What Fox-Kales describes as "that competition to the bottom…of who can be the skinniest" is what purportedly happened on the set of Ally McBeal. As Flockhart lost what she estimated to be 3-5 pounds over the course of a year, costars Portia de Rossi and Courtney Thorne-Smith were struggling with body issues of their own.

Thorne-Smith actually left the show in its third season after realizing that the pressure she felt to be thin had taken over her life. Her severe dieting and exercise routine at one point landed her name in an article about actresses who looked too thin (the other side of the body-shaming coin). "I thought, I hate the thought of a 12, 13 or 14 year-old girl seeing a picture of me and thinking she'll do what I did," she recalled on Good Morning America in 2001.


In her 2010 autobiography Unbearable Lightness: A Story of Loss and Gain, de Rossi revealed that a life-long struggle with eating disorders intensified during the time she was on Ally McBeal.

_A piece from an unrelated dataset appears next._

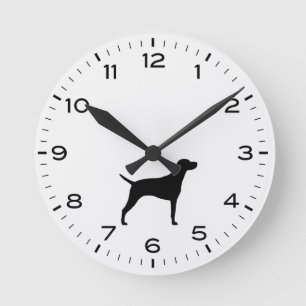 Vizsla Dog Breed Silhouette Round Clock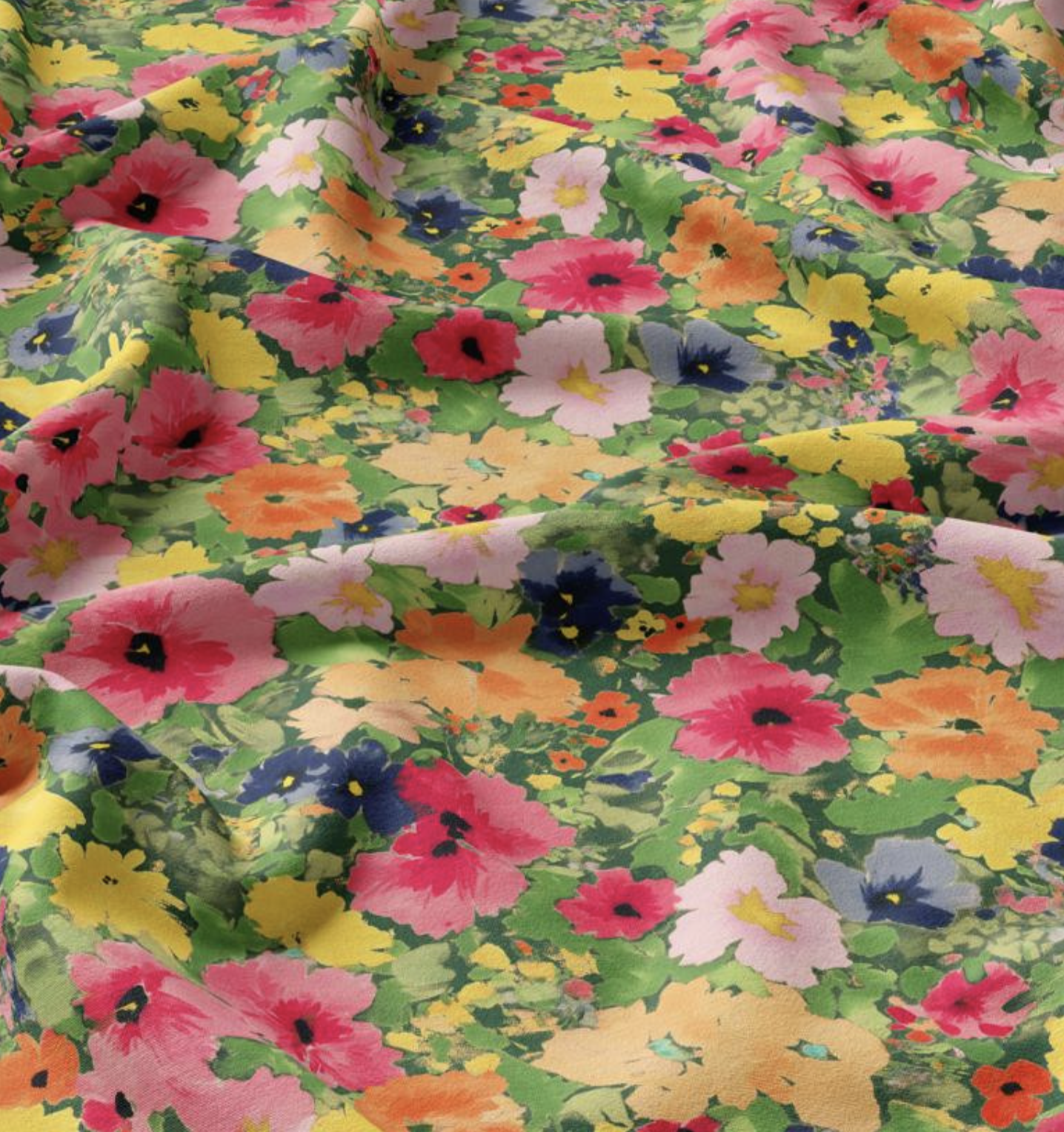 Viscose "Rebecca" Vert/ Rose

"One friend of mine said to me, 'You look like a normal, healthy woman, and those three words really sent me into shock. Normal? Who wants to be normal? Who wants to be normal weight range?" de Rossi told Oprah Winfrey when the book came out, recalling an anecdote from the time she was on the show. "'Healthy' suggested that I was kind of, like, pudgy. 'Woman' suggested curvy. I wanted to be a skinny, straight up and down girl."

The concept of losing weight to advance one's career isn't unique to Hollywood. "If you're overweight and you sort of crash diet and you lose 50 pounds, people will say, 'Oh, you look good,' and you'll start to get more promotions," says Fox-Kales. But while she says weight loss "is still considered a value in our culture," this only proves true to a certain point. 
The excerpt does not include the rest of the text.